--- YOUR TASK ---
Send back all the data below, exactly as given.

========================

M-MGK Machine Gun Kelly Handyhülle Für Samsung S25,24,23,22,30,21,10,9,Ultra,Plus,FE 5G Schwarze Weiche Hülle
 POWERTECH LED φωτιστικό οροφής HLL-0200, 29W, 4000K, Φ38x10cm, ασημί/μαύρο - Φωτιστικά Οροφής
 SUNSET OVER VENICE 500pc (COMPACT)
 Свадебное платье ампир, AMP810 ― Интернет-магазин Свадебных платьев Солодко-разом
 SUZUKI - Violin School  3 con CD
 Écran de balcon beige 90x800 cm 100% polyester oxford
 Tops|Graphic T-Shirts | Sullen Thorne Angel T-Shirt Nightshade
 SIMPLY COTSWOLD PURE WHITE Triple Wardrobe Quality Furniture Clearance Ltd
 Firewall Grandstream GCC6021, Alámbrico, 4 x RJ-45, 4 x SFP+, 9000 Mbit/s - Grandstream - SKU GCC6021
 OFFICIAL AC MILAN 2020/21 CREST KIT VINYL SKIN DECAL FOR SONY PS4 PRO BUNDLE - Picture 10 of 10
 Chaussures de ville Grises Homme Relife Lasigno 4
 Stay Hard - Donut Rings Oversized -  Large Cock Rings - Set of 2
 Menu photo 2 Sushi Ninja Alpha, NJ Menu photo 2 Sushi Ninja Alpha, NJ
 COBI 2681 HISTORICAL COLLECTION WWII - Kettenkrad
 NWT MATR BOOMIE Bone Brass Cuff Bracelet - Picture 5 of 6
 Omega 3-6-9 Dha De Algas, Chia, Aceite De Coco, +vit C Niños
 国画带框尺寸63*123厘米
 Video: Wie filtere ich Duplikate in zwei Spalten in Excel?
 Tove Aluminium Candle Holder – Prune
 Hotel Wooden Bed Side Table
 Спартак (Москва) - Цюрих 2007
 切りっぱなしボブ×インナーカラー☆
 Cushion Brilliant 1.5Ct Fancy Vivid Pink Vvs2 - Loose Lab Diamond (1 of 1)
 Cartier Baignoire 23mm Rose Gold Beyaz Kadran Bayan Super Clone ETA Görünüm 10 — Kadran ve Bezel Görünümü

========================

--- SOLUTION FOR THIS PROBLEM ---
M-MGK Machine Gun Kelly Handyhülle Für Samsung S25,24,23,22,30,21,10,9,Ultra,Plus,FE 5G Schwarze Weiche Hülle
 POWERTECH LED φωτιστικό οροφής HLL-0200, 29W, 4000K, Φ38x10cm, ασημί/μαύρο - Φωτιστικά Οροφής
 SUNSET OVER VENICE 500pc (COMPACT)
 Свадебное платье ампир, AMP810 ― Интернет-магазин Свадебных платьев Солодко-разом
 SUZUKI - Violin School  3 con CD
 Écran de balcon beige 90x800 cm 100% polyester oxford
 Tops|Graphic T-Shirts | Sullen Thorne Angel T-Shirt Nightshade
 SIMPLY COTSWOLD PURE WHITE Triple Wardrobe Quality Furniture Clearance Ltd
 Firewall Grandstream GCC6021, Alámbrico, 4 x RJ-45, 4 x SFP+, 9000 Mbit/s - Grandstream - SKU GCC6021
 OFFICIAL AC MILAN 2020/21 CREST KIT VINYL SKIN DECAL FOR SONY PS4 PRO BUNDLE - Picture 10 of 10
 Chaussures de ville Grises Homme Relife Lasigno 4
 Stay Hard - Donut Rings Oversized -  Large Cock Rings - Set of 2
 Menu photo 2 Sushi Ninja Alpha, NJ Menu photo 2 Sushi Ninja Alpha, NJ
 COBI 2681 HISTORICAL COLLECTION WWII - Kettenkrad
 NWT MATR BOOMIE Bone Brass Cuff Bracelet - Picture 5 of 6
 Omega 3-6-9 Dha De Algas, Chia, Aceite De Coco, +vit C Niños
 国画带框尺寸63*123厘米
 Video: Wie filtere ich Duplikate in zwei Spalten in Excel?
 Tove Aluminium Candle Holder – Prune
 Hotel Wooden Bed Side Table
 Спартак (Москва) - Цюрих 2007
 切りっぱなしボブ×インナーカラー☆
 Cushion Brilliant 1.5Ct Fancy Vivid Pink Vvs2 - Loose Lab Diamond (1 of 1)
 Cartier Baignoire 23mm Rose Gold Beyaz Kadran Bayan Super Clone ETA Görünüm 10 — Kadran ve Bezel Görünümü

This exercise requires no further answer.